Market at a crossroads

Bears and bulls both have reasons to feel time is on their side..
The Bull case for stocks:

  1. Earnings, earnings, earnings. They’re doing fine (at least so far). The world economy is growing mostly because stellar performance from developing countries. The rich world (minus Australia) looks tired. Profits there come mostly from cost cutting, top-line growth mostly comes from abroad (unless you’re Apple). But one can make the case that as long as earnings growth keeps up, the markets will be ok.
  2. QE2: The Fed will almost certainly be buying more bonds and crediting some bank accounts in the process. This new base money will not go into new lending for business, but it will go directly into the markets, and it has the dollar running for cover, which helps translating those overseas earnings into a better bottom line.
  3. Interest rates remain extremely low and housing is in a funk, so what’s the alternative?

The Bear case for stocks:

  1. The mortgage mess could very well depress the housing market even more and lead to serious holes in balance sheets of financial institutions
  2. The stimulus has mostly ran it’s course. taxes will go up, states and municipalities are still in a financial funk, cutting back spending
  3. Interest rates can’t be lowered and a new stimulus package is extremely unlikely (for political reasons, needless to say). Most observers argue QE2 will not move the economy all that much, if at all (although expectations of QE2 already have moved the markets)
  4. Unemployment is very high and will remain high for a considerable time to come. Capacity utilization is low (in the low 70%s) so there is a very significant ‘output gap’, that is, underutilized capacity. The economy could easily produce more if there was more demand
  5. With capacity utilization so low and demand so weak, business has little incentive to invest in building new domestic production capacity, that is, of the categories of demand, consumption, investment, and public spending are all unlikely to grow significantly. This leaves only (net) exports as a route for expansion and the lower dollar certainly helps in that department.
  6. But relying on exports has its limits (the US is way less dependent on exports than China, for instance) and the lower dollar is already creating havoc on some of our trading partners. Some even talk of a looming currency war which will only have losers
  7. That European debt crisis isn’t over by any means. The rescue operation has bought time, but that’s all. Interest spreads for numerous countries (vis-à-vis Germany) are very high and austerity (except from Ireland and Greece) is yet to kick in in any comprehensive fashion
  8. Does anyone really know what’s happening in China? Investment and exports are such an extraordinary large part of GDP, that can’t continue into eternity. Luckily enough, the Chinese themselves have recognized that and are embarking on letting consumption play a more important role.

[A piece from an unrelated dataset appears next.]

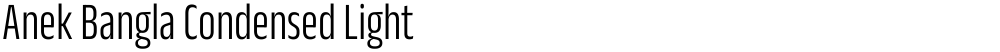 Anek Bangla Condensed Light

For now, we think the bulls have it. But only just. It remains to be seen whether the effects of low demand, spare capacity, de-levering consumers and the kicking in of austerity (or expiring stimulus) can be compensated by the growth in developing economies. And then there are those risks of turmoil, from the mortgage situation, from financial institutions, from indebted European countries, from violent currency moves, from possible Chinese bubbles (investment, housing, regional loans, take your pick).

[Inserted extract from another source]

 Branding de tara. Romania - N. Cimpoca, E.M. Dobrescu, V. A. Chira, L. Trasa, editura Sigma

It’s a very treacherous environment, this. Asset classes are ever more correlated. Keep an eye on:

  • Guidance in the ongoing earnings season
  • Dollar movements, especially sharp reversals
  • US-Chinese tensions escalating
  • European debt, CDS rates and interest spreads
  • Read up on the mortgage mess, robot signers and all. The limbo there is exactly what we don’t need.

So don’t be complacent and be prepared to move fast if any of these shows signs of escalation. If one of these does, hoping it will all blow over doesn’t seem a good option to us.